Crawled caption data:
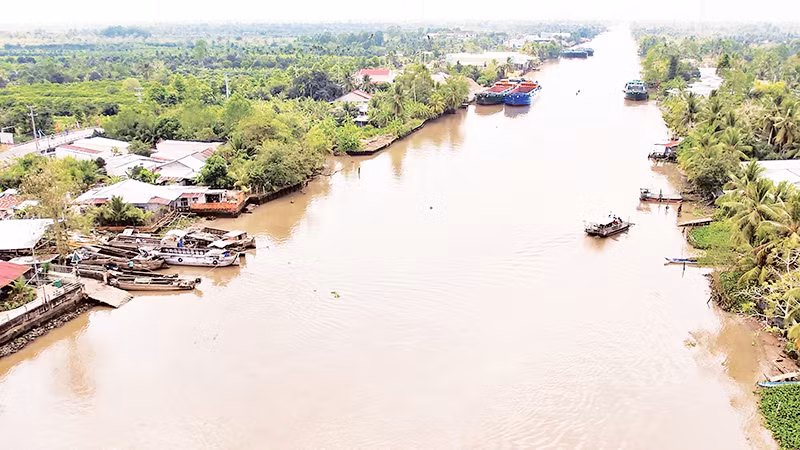 Đẩy nhanh tiến độ triển khai dự án nạo vét kênh trục tỉnh Hậu Giang 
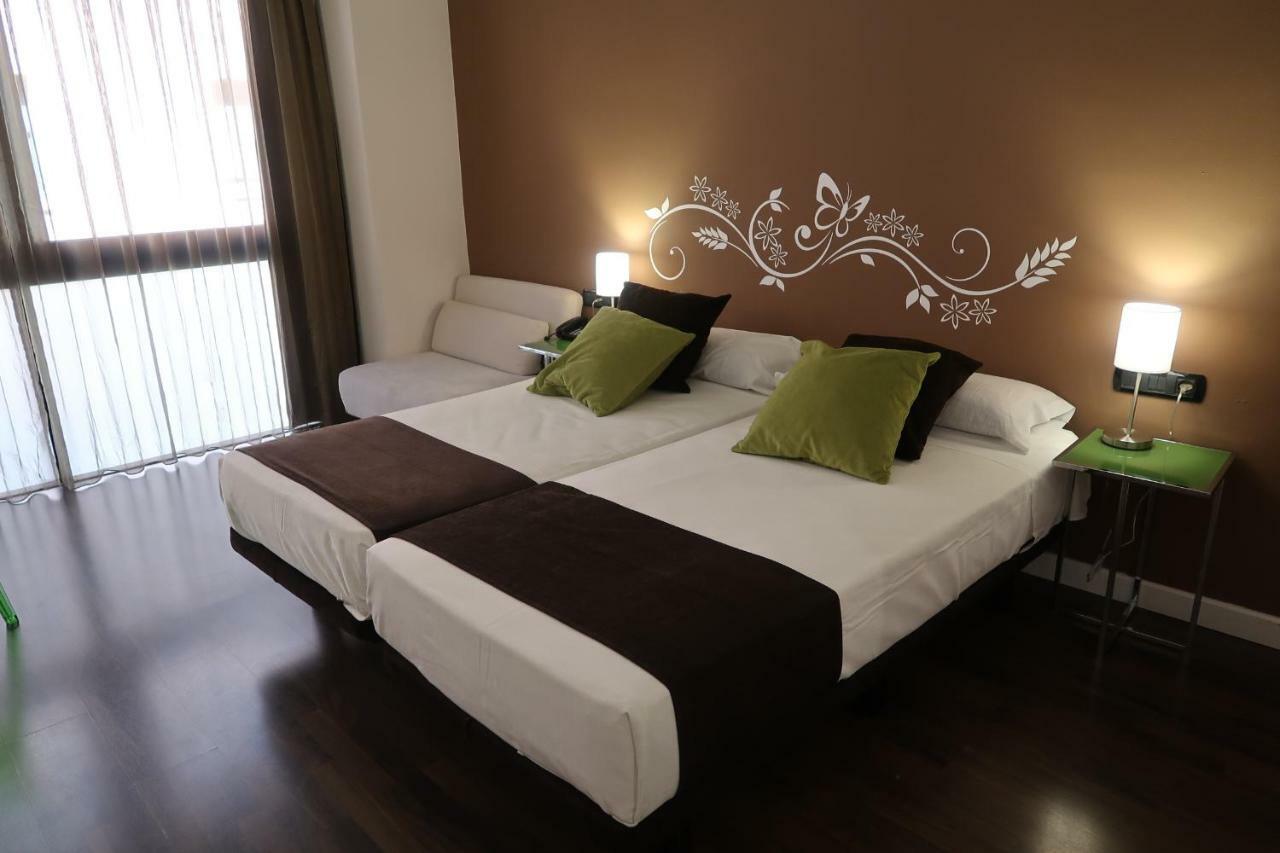 Hotel Teruel Plaza Екстериор снимка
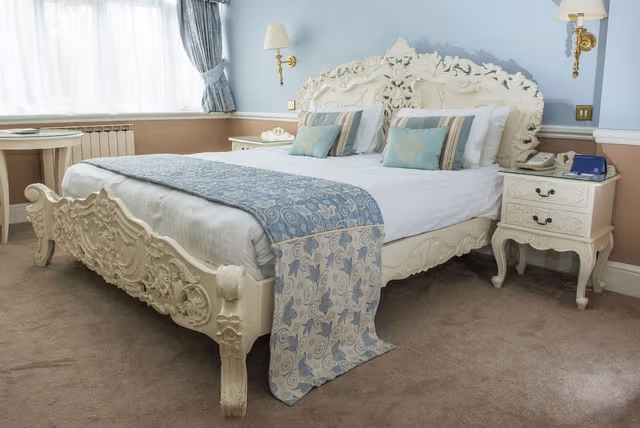 Manor House Superior Room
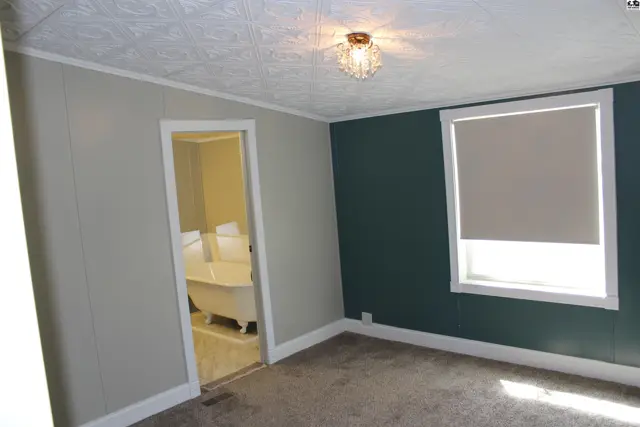 Photo of 528 W Cleveland St, Marion, KS
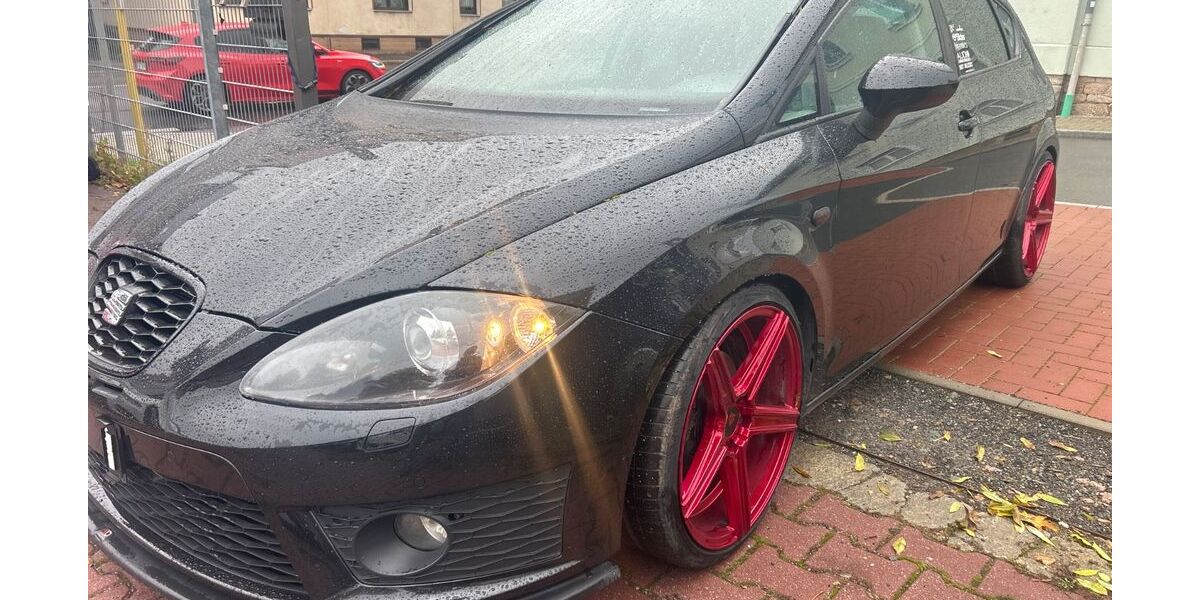 Seat Leon 222.000 km 7.500 &euro; zwickau 08064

> Task description: The data above should be repeated exactly, minus any pictures.

> Reply to the exercise:
 Đẩy nhanh tiến độ triển khai dự án nạo vét kênh trục tỉnh Hậu Giang 
 Hotel Teruel Plaza Екстериор снимка
 Manor House Superior Room
 Photo of 528 W Cleveland St, Marion, KS
 Seat Leon 222.000 km 7.500 &euro; zwickau 08064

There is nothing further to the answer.